> Task directions
Write the data below out exactly as it stands. Do not include the pictures.

> Data excerpt

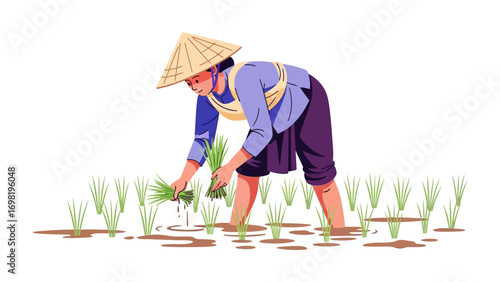 Asian farmer planting rice: In the heart of an agricultural landscape, an Asian farmer diligently plants rice seedlings in a flooded field, a symbol of dedication, sustenance.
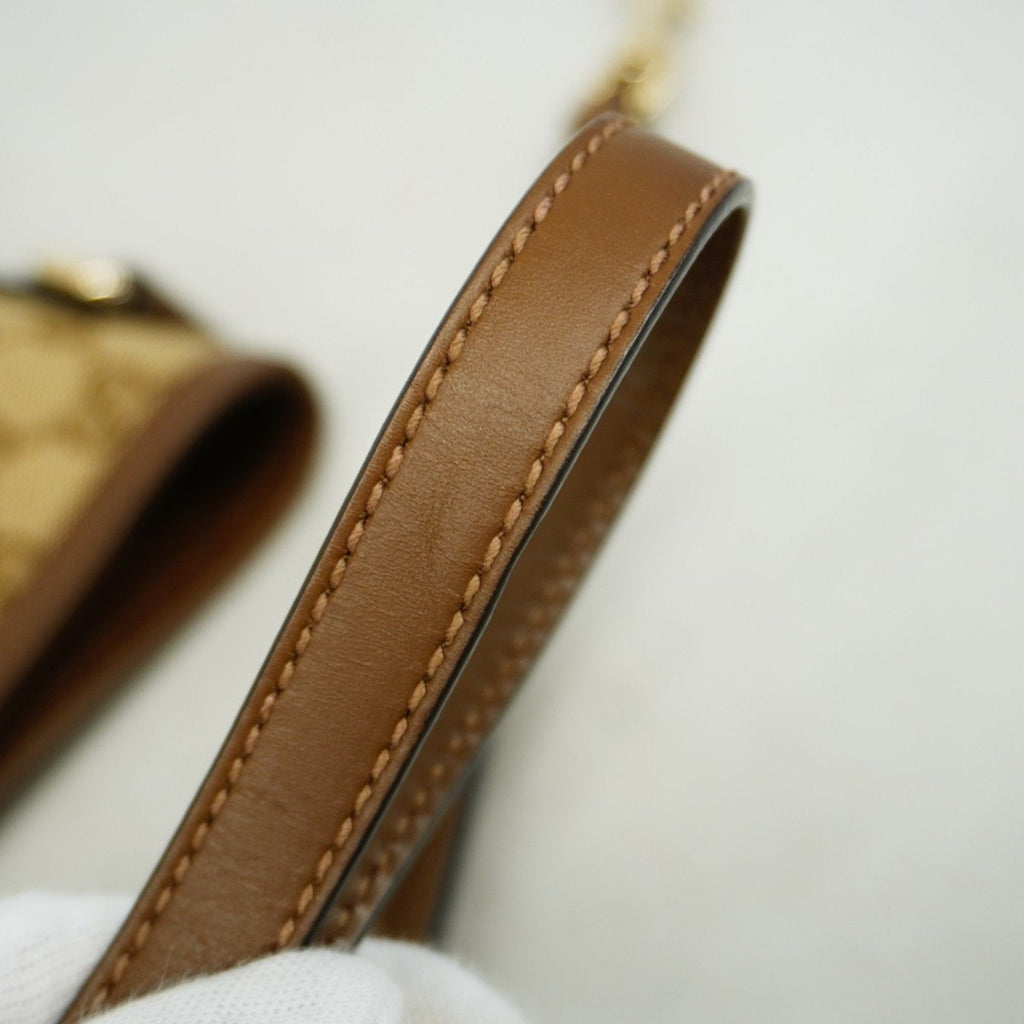 Gucci GG canvas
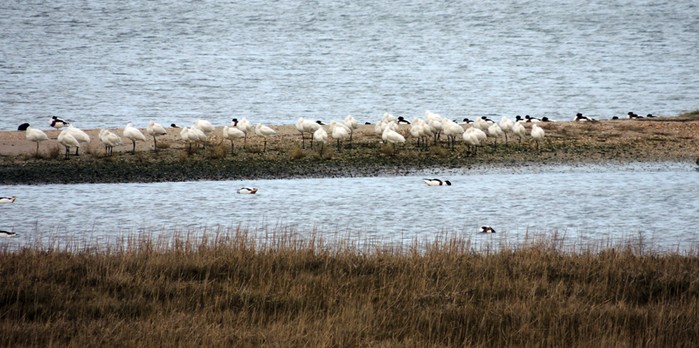 Spoonbill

> Answer for the task
 Asian farmer planting rice: In the heart of an agricultural landscape, an Asian farmer diligently plants rice seedlings in a flooded field, a symbol of dedication, sustenance.
 Gucci GG canvas
 Spoonbill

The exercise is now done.